A curto prazo apelaram a que (1) seja evitada a propagação de desinformação sobre as ligações entre a pecuária e a covid-19 ou outras doenças infeciosas emergentes, tendo anexado uma lista de “factos atualmente conhecidos sobre a produção de animais, seus produtos alimentícios e covid-19”:
- De acordo com o estado atual do conhecimento, os animais usados para a produção de carne não podem ser infetados com SARS-CoV-2 e, portanto, são incapazes de transmitir o vírus aos seres humanos pela via do consumo. (fonte: BfR)
- Até ao momento, os resultados preliminares de estudos sugerem que aves e suínos não são suscetíveis à infeção por SARS-CoV-2. (fonte: OIE)
- Atualmente, não há evidências de que os alimentos sejam uma fonte ou via provável de transmissão do vírus. (fonte: AESA)
- Atualmente, não há evidências que sugiram que animais infetados por seres humanos desempenhem um papel na disseminação da covid-19. Os surtos humanos são causados pelo contato de pessoa para pessoa. (fonte: OIE)
- Embora haja investigações em curso sobre uma possível origem animal do novo coronavírus (SARS-CoV-2), a disseminação e o desenvolvimento da atual pandemia humana devem-se à transmissão de humano para humano. Não há evidências atuais de que os animais desempenham um papel na disseminação da covid-19. (fonte: FAO)
A médio prazo apelaram a:
- Apoio da segurança e a independência alimentar europeias;
- Promoção de práticas sustentáveis de intensificação para apoiar a segurança alimentar na Europa e o aumento da procura alimentar mundial, e evitar custos ambientais importantes, aumentando a área de terra utilizada para a agricultura;
- Promover novas tecnologias para apoiar a melhoria das práticas agrícolas, aumentar a sensibilização para os seus benefícios para a sociedade e para o seu papel na superação dos futuros desafios em matéria de saúde;
- Promover o ensaio e a avaliação de novas técnicas agrícolas e apoiar a sua aplicação, a fim de permitir uma pecuária de precisão centrada no bem-estar dos animais, em especial quando a baixa produtividade é causada por doenças, alimentação insuficiente e outras doenças;
- Incentivar a aplicação de melhores medidas de biossegurança e prestar atenção à gestão da interface entre as explorações e a fauna selvagem (questão levantada atualmente com a peste suína africana).
A longo prazo, o documento pedia a aplicação das seguintes medidas:
- A criação de bancos de vacinas que permitam a vacinação rápida de pessoas e animais em caso de risco de transmissão e que proporcionem incentivos ao desenvolvimento de vacinas e outros instrumentos de apoio à deteção precoce e à prevenção da propagação de doenças entre animais e pessoas.

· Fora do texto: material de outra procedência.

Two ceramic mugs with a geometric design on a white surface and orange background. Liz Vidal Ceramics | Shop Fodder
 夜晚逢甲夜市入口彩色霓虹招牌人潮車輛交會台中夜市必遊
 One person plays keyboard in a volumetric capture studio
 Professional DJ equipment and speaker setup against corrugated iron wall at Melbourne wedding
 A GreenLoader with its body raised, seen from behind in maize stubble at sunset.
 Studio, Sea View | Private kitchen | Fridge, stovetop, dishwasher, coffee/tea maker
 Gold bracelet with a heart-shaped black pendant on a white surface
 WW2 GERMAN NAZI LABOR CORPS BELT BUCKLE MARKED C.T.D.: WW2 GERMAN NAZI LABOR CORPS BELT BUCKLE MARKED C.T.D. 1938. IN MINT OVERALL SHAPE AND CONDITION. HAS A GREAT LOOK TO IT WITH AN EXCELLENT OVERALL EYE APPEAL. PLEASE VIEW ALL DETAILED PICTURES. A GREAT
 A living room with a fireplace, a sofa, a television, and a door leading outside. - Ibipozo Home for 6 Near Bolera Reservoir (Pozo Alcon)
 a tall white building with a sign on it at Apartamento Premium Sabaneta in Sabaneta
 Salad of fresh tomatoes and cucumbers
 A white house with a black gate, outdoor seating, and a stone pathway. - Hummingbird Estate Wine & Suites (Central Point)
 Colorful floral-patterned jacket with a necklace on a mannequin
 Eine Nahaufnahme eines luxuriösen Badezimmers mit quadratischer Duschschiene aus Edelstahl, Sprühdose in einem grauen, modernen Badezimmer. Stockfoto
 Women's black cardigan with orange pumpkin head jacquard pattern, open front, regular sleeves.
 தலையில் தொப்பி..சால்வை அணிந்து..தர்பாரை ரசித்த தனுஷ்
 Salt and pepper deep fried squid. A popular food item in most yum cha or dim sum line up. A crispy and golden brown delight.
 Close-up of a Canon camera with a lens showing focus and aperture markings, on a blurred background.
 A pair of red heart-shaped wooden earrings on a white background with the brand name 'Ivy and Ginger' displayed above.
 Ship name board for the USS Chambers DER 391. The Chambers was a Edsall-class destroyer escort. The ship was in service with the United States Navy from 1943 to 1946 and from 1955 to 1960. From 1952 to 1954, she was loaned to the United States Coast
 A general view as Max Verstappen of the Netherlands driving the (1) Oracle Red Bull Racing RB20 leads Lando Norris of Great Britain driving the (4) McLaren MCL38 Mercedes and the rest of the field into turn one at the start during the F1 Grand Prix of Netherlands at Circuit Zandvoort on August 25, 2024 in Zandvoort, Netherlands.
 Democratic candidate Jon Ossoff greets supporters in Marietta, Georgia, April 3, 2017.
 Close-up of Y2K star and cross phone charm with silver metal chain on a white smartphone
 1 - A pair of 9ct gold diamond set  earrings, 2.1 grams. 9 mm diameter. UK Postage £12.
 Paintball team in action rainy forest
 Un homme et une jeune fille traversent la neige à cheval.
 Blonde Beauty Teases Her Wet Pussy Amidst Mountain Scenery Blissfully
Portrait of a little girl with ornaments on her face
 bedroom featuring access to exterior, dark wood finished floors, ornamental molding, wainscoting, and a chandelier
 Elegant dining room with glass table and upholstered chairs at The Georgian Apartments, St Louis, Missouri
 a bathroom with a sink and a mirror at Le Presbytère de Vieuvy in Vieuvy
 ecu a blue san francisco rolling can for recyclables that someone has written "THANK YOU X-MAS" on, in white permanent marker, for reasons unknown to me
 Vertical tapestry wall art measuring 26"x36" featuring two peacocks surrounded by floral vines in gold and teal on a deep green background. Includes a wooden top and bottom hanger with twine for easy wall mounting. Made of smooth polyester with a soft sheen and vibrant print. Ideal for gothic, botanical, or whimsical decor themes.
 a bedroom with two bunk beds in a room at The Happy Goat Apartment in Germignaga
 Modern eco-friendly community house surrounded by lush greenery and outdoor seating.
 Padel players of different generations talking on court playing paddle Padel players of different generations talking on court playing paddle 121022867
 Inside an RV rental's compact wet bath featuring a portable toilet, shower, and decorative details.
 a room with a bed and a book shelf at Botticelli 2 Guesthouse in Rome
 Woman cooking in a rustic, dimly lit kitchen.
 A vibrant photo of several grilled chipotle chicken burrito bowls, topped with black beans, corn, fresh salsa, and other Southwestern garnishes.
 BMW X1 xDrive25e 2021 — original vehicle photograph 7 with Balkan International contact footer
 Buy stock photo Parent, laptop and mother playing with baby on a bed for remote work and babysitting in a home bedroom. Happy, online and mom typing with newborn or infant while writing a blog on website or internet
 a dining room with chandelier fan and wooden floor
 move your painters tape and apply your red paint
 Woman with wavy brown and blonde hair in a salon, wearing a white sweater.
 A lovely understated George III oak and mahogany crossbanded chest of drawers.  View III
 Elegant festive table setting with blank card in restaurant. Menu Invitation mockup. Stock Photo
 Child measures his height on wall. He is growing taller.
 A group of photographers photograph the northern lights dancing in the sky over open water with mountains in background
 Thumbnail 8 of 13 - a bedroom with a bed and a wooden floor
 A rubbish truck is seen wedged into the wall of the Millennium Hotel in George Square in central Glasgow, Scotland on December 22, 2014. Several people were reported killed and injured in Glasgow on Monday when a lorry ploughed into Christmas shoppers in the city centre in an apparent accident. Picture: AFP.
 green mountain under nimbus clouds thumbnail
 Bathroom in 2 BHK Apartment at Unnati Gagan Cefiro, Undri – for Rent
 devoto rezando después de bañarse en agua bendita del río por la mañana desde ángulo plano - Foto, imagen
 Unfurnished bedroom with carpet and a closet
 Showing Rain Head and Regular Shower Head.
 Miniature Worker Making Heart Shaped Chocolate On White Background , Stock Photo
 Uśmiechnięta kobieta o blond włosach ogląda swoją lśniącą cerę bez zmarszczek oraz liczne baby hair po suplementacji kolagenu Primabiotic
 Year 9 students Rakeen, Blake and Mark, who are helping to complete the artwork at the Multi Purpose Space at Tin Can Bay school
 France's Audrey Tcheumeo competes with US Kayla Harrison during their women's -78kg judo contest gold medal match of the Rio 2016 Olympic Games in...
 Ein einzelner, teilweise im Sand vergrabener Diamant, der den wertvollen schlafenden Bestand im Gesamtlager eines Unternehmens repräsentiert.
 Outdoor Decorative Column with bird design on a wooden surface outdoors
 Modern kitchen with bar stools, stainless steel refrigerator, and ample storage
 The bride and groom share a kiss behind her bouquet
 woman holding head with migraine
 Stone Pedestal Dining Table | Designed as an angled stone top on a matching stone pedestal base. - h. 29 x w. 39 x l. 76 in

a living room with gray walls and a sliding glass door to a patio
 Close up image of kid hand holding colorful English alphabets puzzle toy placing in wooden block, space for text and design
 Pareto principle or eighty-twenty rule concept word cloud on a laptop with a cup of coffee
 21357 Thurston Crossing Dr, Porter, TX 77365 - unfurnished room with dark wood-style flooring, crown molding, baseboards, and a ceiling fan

- O desenvolvimento de uma política mais afirmativa da Comissão no sentido de facilitar a vacinação sem impedir o comércio de animais ou de produtos animais.
- Apoio a políticas de desenvolvimento nos LMICs (lower middle income countries ou países com rendimentos médios mais baixos) que evitem a invasão de zonas de fauna selvagem e apoio a políticas pecuárias sustentáveis nos países em desenvolvimento para melhorar a eficiência e a resiliência do sistema alimentar, bem como para tornar os alimentos acessíveis e acessíveis a todos.
- Reforçar a monitorização e vigilância de potenciais doenças zoonóticas da fauna selvagem que possam infetar os animais à escala global e facilitar o intercâmbio de conhecimentos entre disciplinas.